We trust in science because we can verify the accuracy of its claims. We test and verify that accuracy by repeating the scientist’s original experiments.
What happens when those tests fail, particularly in a field that has the potential to create billions of dollars of revenue?
In 2016, Nature surveyed more than 1,500 scientists and found that more than 70% of them had tried and failed to reproduce experiments by other scientists published in scientific journals. More than half couldn’t even reproduce their own work. A study accepted at one of AI’s largest conferences in August analyzed 30 AI research papers, and found that authors largely held back key portions of how their algorithms were trained and calibrated, making it difficult to recreate the lab’s results.
AI labs today are incentivized to publish state-of-the-art results, especially ones that might be difficult to replicate, due to the massive industry built around the technology. Research that results in higher accuracy, new capability, or even increased efficiency could earn a lab’s parent company millions of dollars in cloud service revenue, as well as a reputation that makes it easier to recruit top talent.

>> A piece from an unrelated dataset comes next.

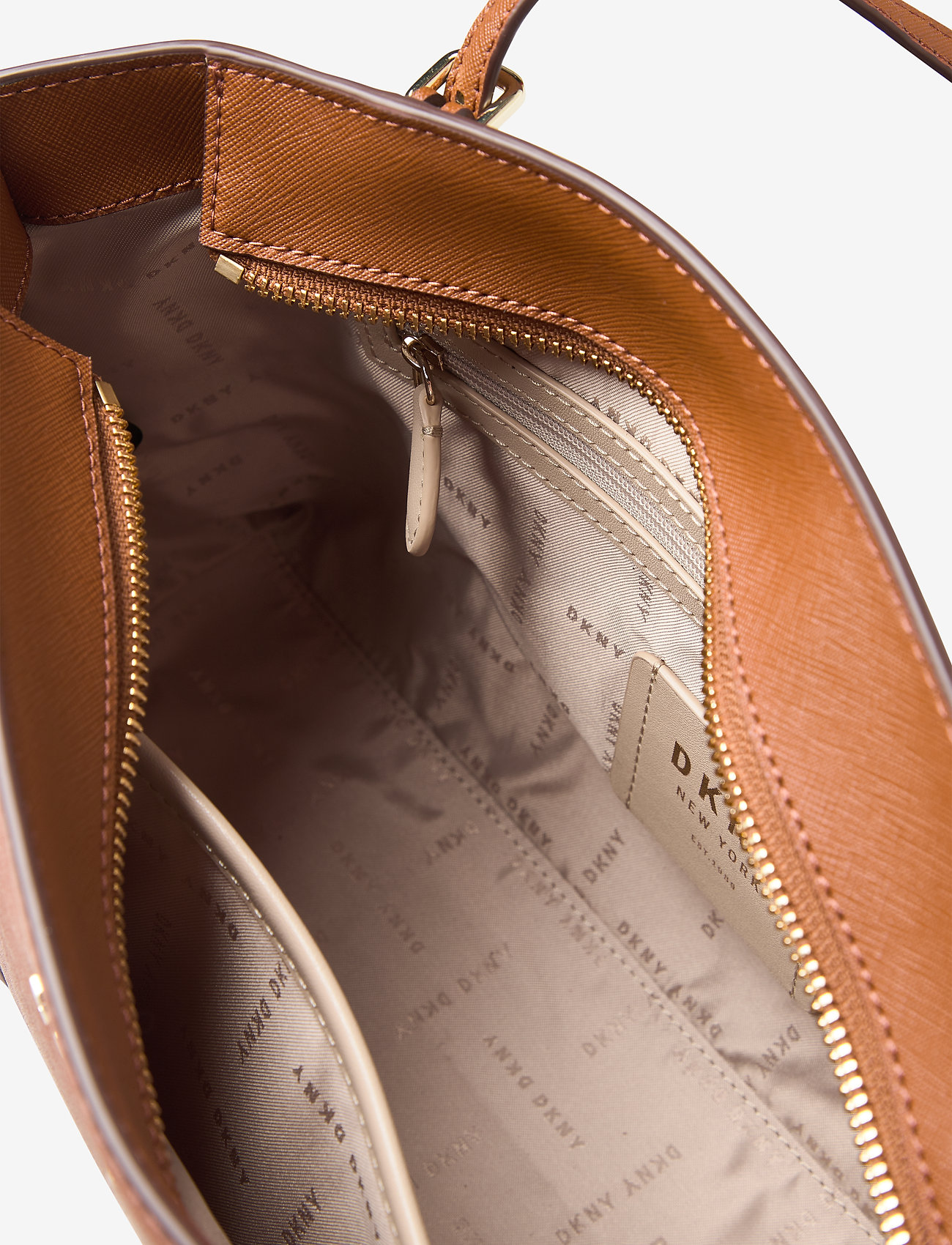DKNY Bags - BO EW SATCHEL - car - caramel - 4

Joelle Pineau, an associate professor at McGill University and head of Facebook’s AI research lab in Montreal, is pushing back against unreproducible AI research, through a challenge for students coordinated with professors from five other universities across the world. Students have been tasked with reproducing papers accepted by the 2018 International Conference on Learning Representations, one of AI’s biggest gatherings. The papers are anonymously published months in advance of the conference. The publishing system allows for comments to be made on those accepted papers, so students can add their findings below each paper.
“If you’re doing science, then there’s a process through which science gets done,” Pineau says. “If you build these systems that no one else can build, what you’re doing is producing a scientific artifact, which can advance our knowledge and understanding, but it’s a different standard than producing a scientific result.”
The research that students will be tasked with reproducing comes from the world’s top AI labs— from universities to tech giants like Google, DeepMind, Facebook, Microsoft, and Amazon.
Babatunde Olorisade, a Ph.D student at Keele University who authored the study analyzing the 30 AI research papers, says proprietary data and information used by large technology companies in their research, but withheld from papers, is holding the field back.
He makes the point that the software a computer runs when reproducing an algorithmic experiment, as well as the configuration of that software and the data used, are comparable to the impact of gravity and temperature in the physical world. These elements provide context for an experiment, and need to be replicated to understand how and why the experiment works.
“Verifiable knowledge is the foundation of science,” Olorisade says. “It’s about understanding. If you verify the claims you will have a better insight of where to grow from there—you can grow branches from that knowledge if it’s accurate and sound.”
Ideally, Pineau’s reproducibility challenge will run every year. This continuity could start a virtuous cycle in the AI industry, in which students learn to audit research, and then carry the importance of creating reproducible research into their careers in academia or industry.
“I expect authors will be more on their toes, in terms of [their] results and the claims,” Pineau said. “I expect some authors will think more about how to make their code available, and how to incorporate the public release of code as a part of their scientific process.”